The earlier replies have answered you, and I would strongly suggest you not add shells. You haven't indicated the pH and hardness of your tank water, and by comparison the tap water, so it is difficult to assess the extent of the effect. But one thing is certain, the shells will dissolve, adding salt (even if washed this can still occur) and calcium, and depending upon the water volume and size/number of shells, the pH will rise as will the hardness. If you have livebearers or rift lake cichlids, this will not be a problem. But if you have acidic water fish, it is certainly the last thing you want. And, if the salinity or pH changes enough, fish stress occurs and that leads to other health problems and even behavioural issues. Fish are trapped in your aquarium water, and anything that alters it is going to have an effect on the fish internally.


----------



## Lupin (Aug 2, 2006)

SinCrisis said:


> also beware of salt content on the shells, you dont want to increase the salinity of your aquarium, if you do put them in wash thouroghly.

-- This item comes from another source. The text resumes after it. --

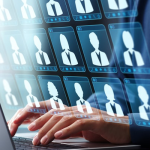 Indicateurs et tableaux de bord RH - comment piloter efficacement les ressources humaines dans le secteur public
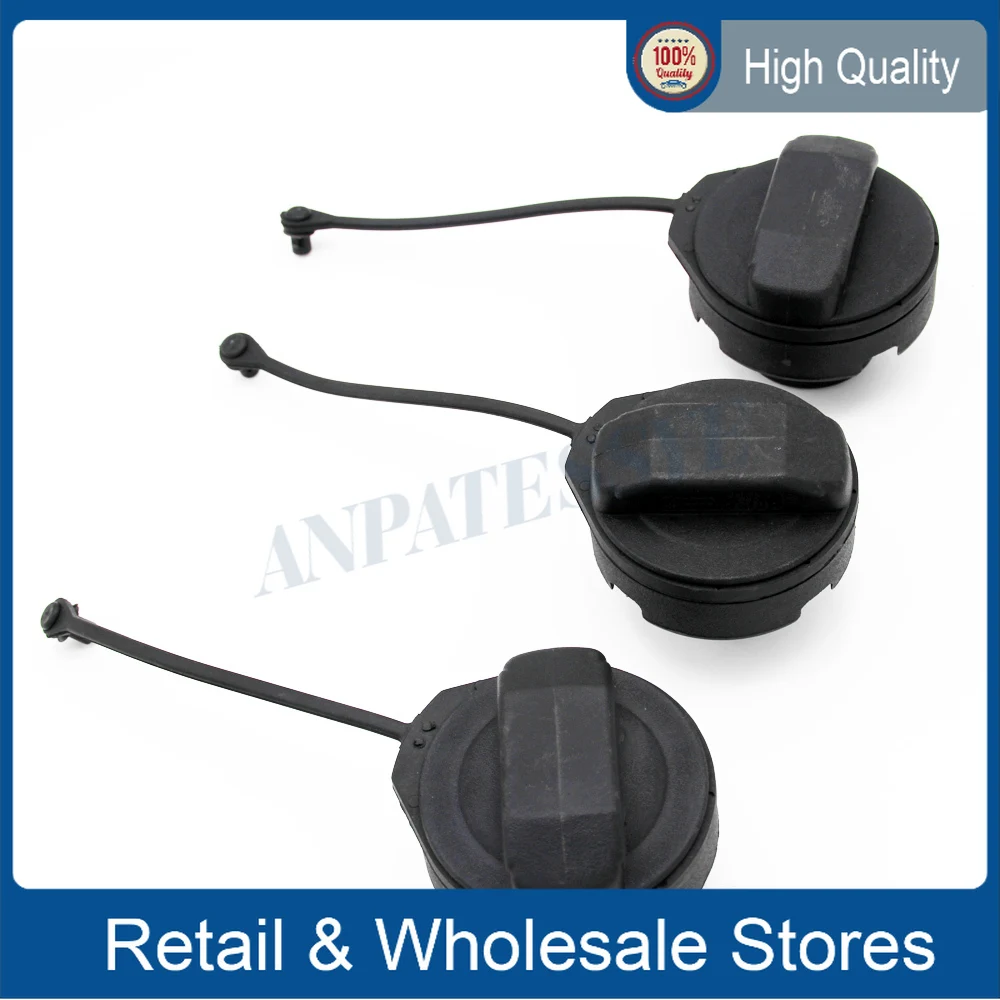 New Fuel Gas Tank Cap Cover for VW Audi Beetle Jetta Golf A4 A6 A8 1J0201553A 1J0201550AR 01C 1J0 201 553A 1J0 201 553 A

Salt is not an issue when it is washed thoroughly. By this time, there is very little trace of salt to damage the fish from osmotic shock. No reason to worry about beach sand, corals, etc either unless you do not want a very high KH depending on your fish. It could prove beneficial on some species and snails though.


----------



## SinCrisis (Aug 7, 2008)

i think if you post your water parameters, people on this board could help you better and give better recommendations.


----------